LONDON, Sept 10 (Reuters Breakingviews) -Big Tech taxes are not the Apple AAPL.O of Ireland’s eye. That is the message Dublin sent when it sided with the iPhone maker in a European Union dispute over 13 billion euros in corporate levies. On Tuesday, Europe’s top court ordered Tim Cook’s company to pay the funds. Prime Minister Simon Harris can use the unwanted money to improve the infrastructure big companies crave.

The saga over Apple’s Irish tax affairs dates back to 2016. After a lengthy legal back-and-forth, the European Court of Justice sided with the European Commission’s argument that the U.S. company paid too little taxes and ordered it to repay the funds into Dublin’s coffers.

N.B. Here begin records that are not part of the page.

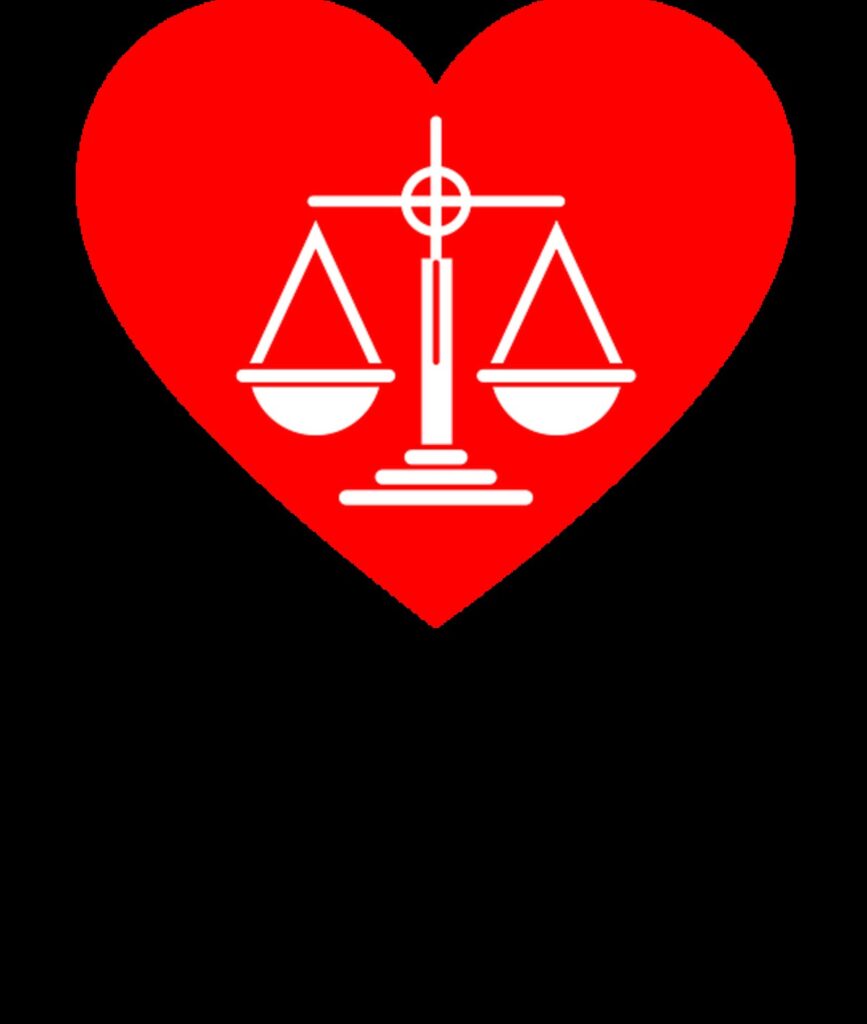 Chinese lawyers in Boston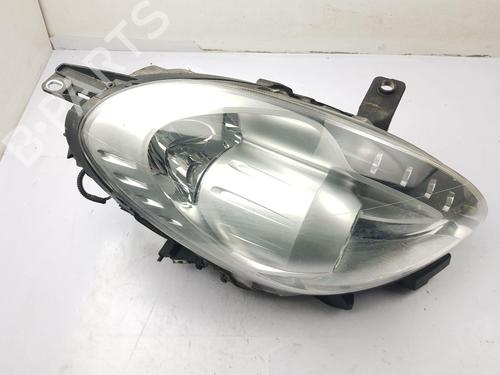 Used Right headlight Right headlight ALFA ROMEO GIULIETTA (940_) 2.0 JTDM (940.FXL1A) (140 hp) 32870586 32870586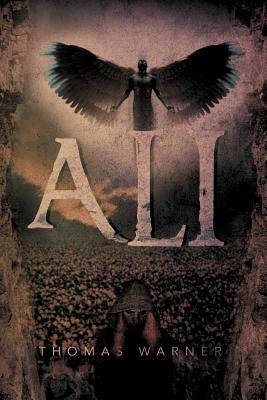 Ali by Thomas Warner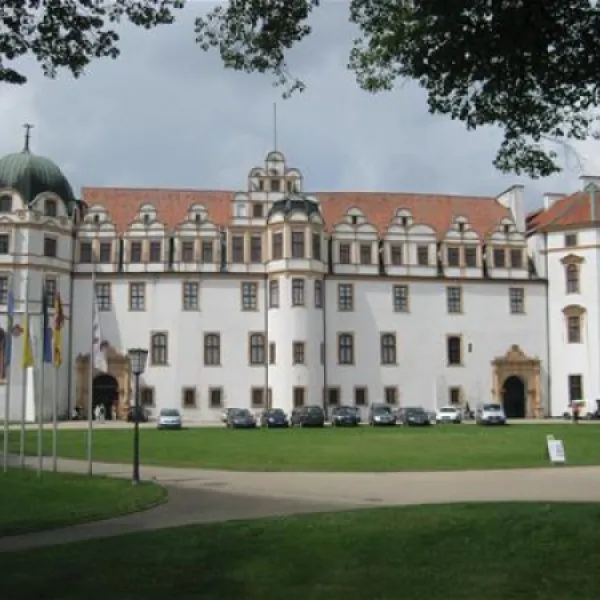 campingplatzwinsen-winsen-an-der-aller-9rytx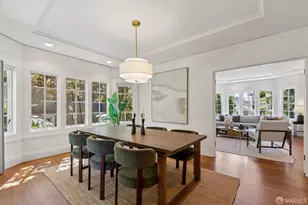 417 Dewey Blvd, San Francisco, CA 94116 - Photo 33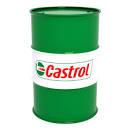 Моторное масло Castrol Vecton 10W40 E7 208 литров - фото 1 - id-p107304109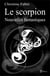 Le Scorpion - Nouvelles fantastiques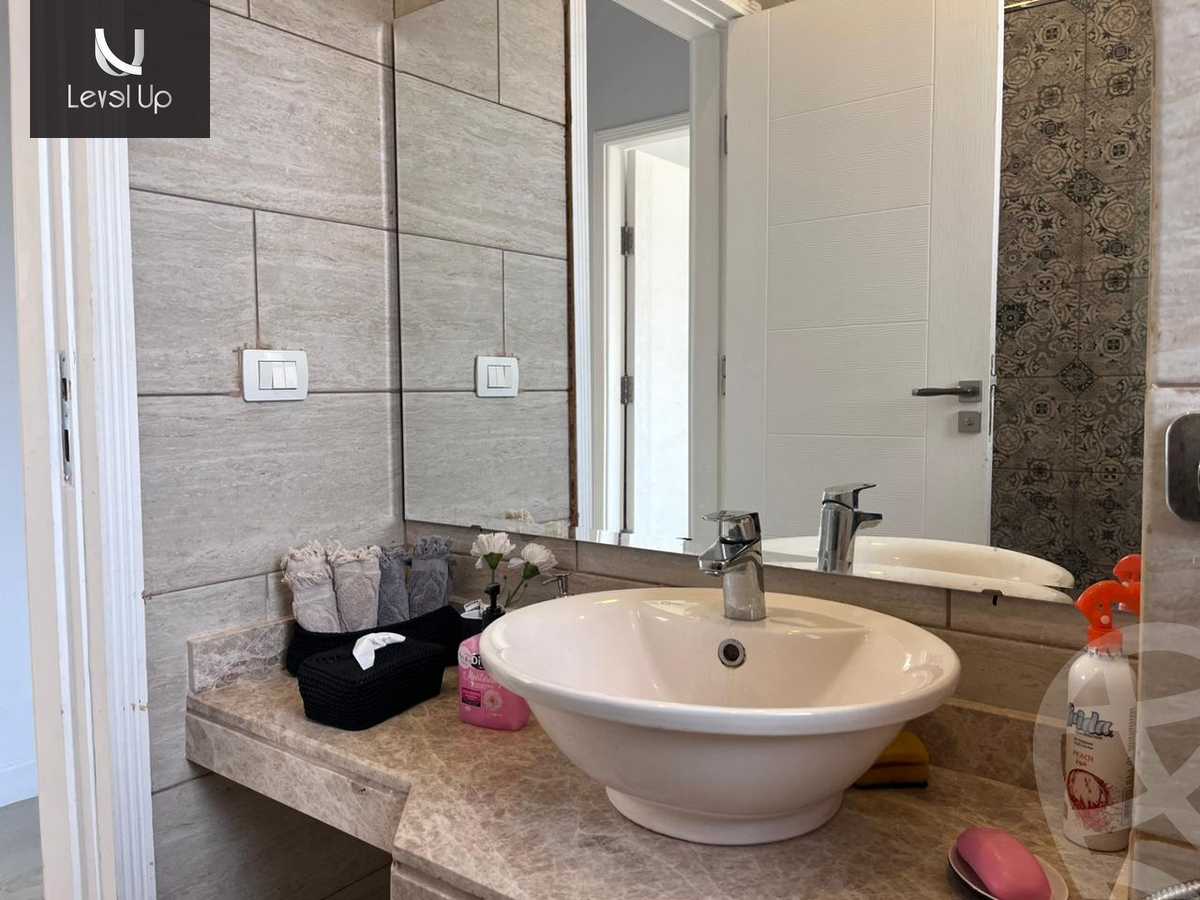 https://aqarmap.com.eg/en/listing/6013111-for-rent-cairo-new-cairo-compounds-kmbwnd-fyldj-jyt-blm-hylz
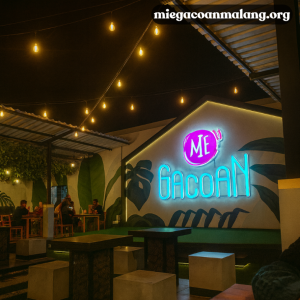 cabang mie gacoan malang 24 jam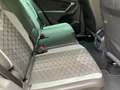 Volkswagen Tiguan 1.4 TSI eHYBRID R-LINE MATRIX+NAV+ACC+AHK Blau - thumbnail 13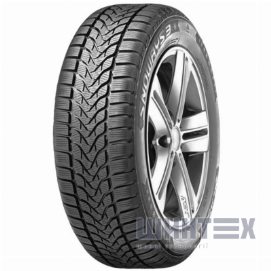 Lassa Snoways 3 225/45 R18 95V XL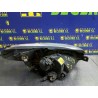 Recambio de faro izquierdo para hyundai accent (mc) gls full referencia OEM IAM   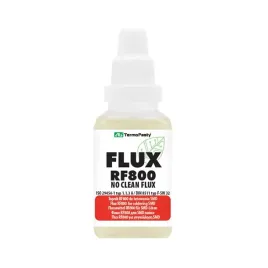 plyn-topnik-flux-rf800-do-lutowania-smd-15ml-ag-termopasty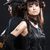 Area51 au lansat un videoclip nou: Nightmare Area51 au lansat un videoclip nou: Nightmare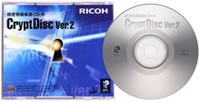 CryptDisc_ver2.jpg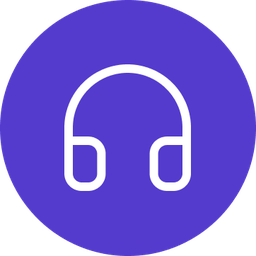 AudioPod AI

Ireland feared that accepting Apple’s back taxes would scare away its corporate golden geese. The country attracts large multinationals like Pfizer PFE.N, Facebook owner Meta Platforms META.O and Salesforce CRM.N with its 12.5% corporate tax rate. Paradoxically, the tax take from foreign companies has put Dublin in the enviable position of having a budget surplus. Last year it amounted to 8.3 billion euros and it is likely to stay around that level in 2024.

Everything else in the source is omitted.